Skipped batches do not consider distributed training

I am having some confusion pertaining to the distributed training right now.

I have had enabled 2 GPUs in previous training run with below training config:

from transformers import TrainingArguments

output_dir = model_output_dir
per_device_train_batch_size = 6
gradient_accumulation_steps = 8
optim = "paged_adamw_32bit"
save_steps = 50
save_total_limit=3
logging_steps = 10
learning_rate = 2e-4
max_grad_norm = 0.3
warmup_ratio = 0.03
lr_scheduler_type = "cosine_with_restarts"
max_steps = 8000
group_by_length = True

training_arguments = TrainingArguments(
    output_dir=output_dir,
    per_device_train_batch_size=per_device_train_batch_size,
    gradient_accumulation_steps=gradient_accumulation_steps,
    optim=optim,
    save_steps=save_steps,
    save_total_limit=save_total_limit,
    logging_steps=logging_steps,
    learning_rate=learning_rate,
    fp16=True,
    max_grad_norm=max_grad_norm,
    max_steps=max_steps,
    warmup_ratio=warmup_ratio,
    # group_by_length=group_by_length,
    lr_scheduler_type=lr_scheduler_type,
    report_to = "tensorboard",
)

Now when I resumed the training from checkpoint-350, the stats printed are as below:

Loading model from ../data/models/falcon_7b_v0/checkpoint-350.
***** Running training *****
  Num examples = 522,319
  Num Epochs = 1
  Instantaneous batch size per device = 6
  Total train batch size (w. parallel, distributed & accumulation) = 48
  Gradient Accumulation steps = 8
  Total optimization steps = 8,000
  Number of trainable parameters = 130,547,712
  Continuing training from checkpoint, will skip to saved global_step
  Continuing training from epoch 0
  Continuing training from global step 350
  Will skip the first 0 epochs then the first 2800 batches in the first epoch.

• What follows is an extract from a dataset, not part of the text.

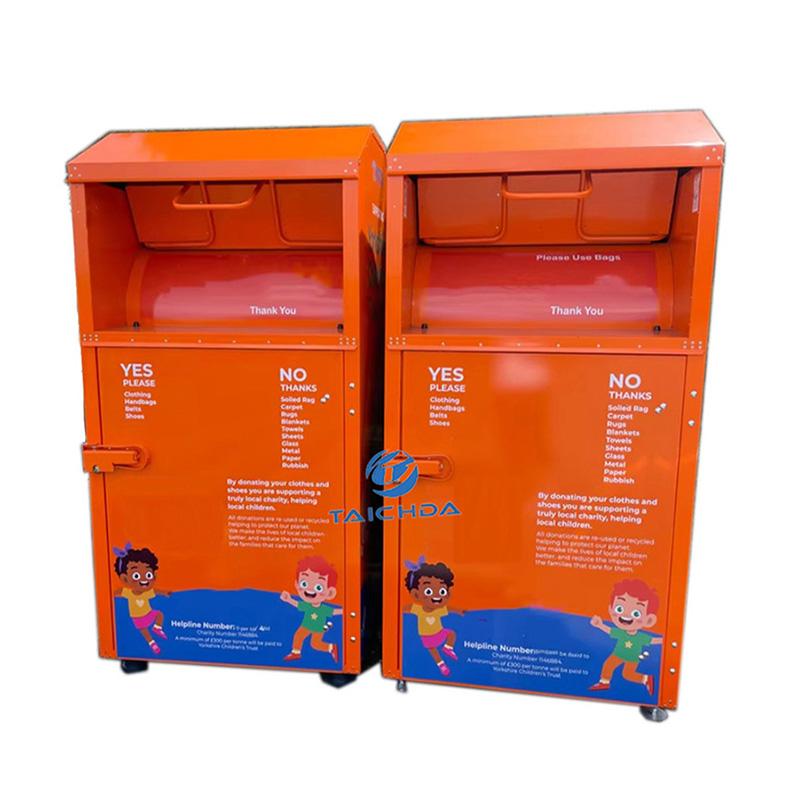 clothes and shoes donation bin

My confusion is that the Total train batch size (w. parallel, distributed & accumulation) = 48 value should be 6 (batch size) * 8 (accumulation steps) * 2 (nos. of gpus) = 96 and the skipped batch (Will skip the first 0 epochs then the first 2800 batches in the first epoch. ) count must be 350 (steps) * 8 (accumulation) * 2 (gpus) = 5600 instead of 2800.

I am using below TRL trainer to train the model.

from trl import SFTTrainer

max_seq_length = 1024

trainer = SFTTrainer(
    model=model,
    tokenizer=tokenizer,
    args=training_arguments,
    peft_config=peft_config,
    train_dataset=math_qa_dataset["train"],
    formatting_func = dataset_formatting_func,
    max_seq_length=max_seq_length,
    data_collator=math_qa_data_collator,
    packing=True,
)

Could someone check whether it’s wrong statistics being printed or I am not utilising the multiple GPUs and distributed training here.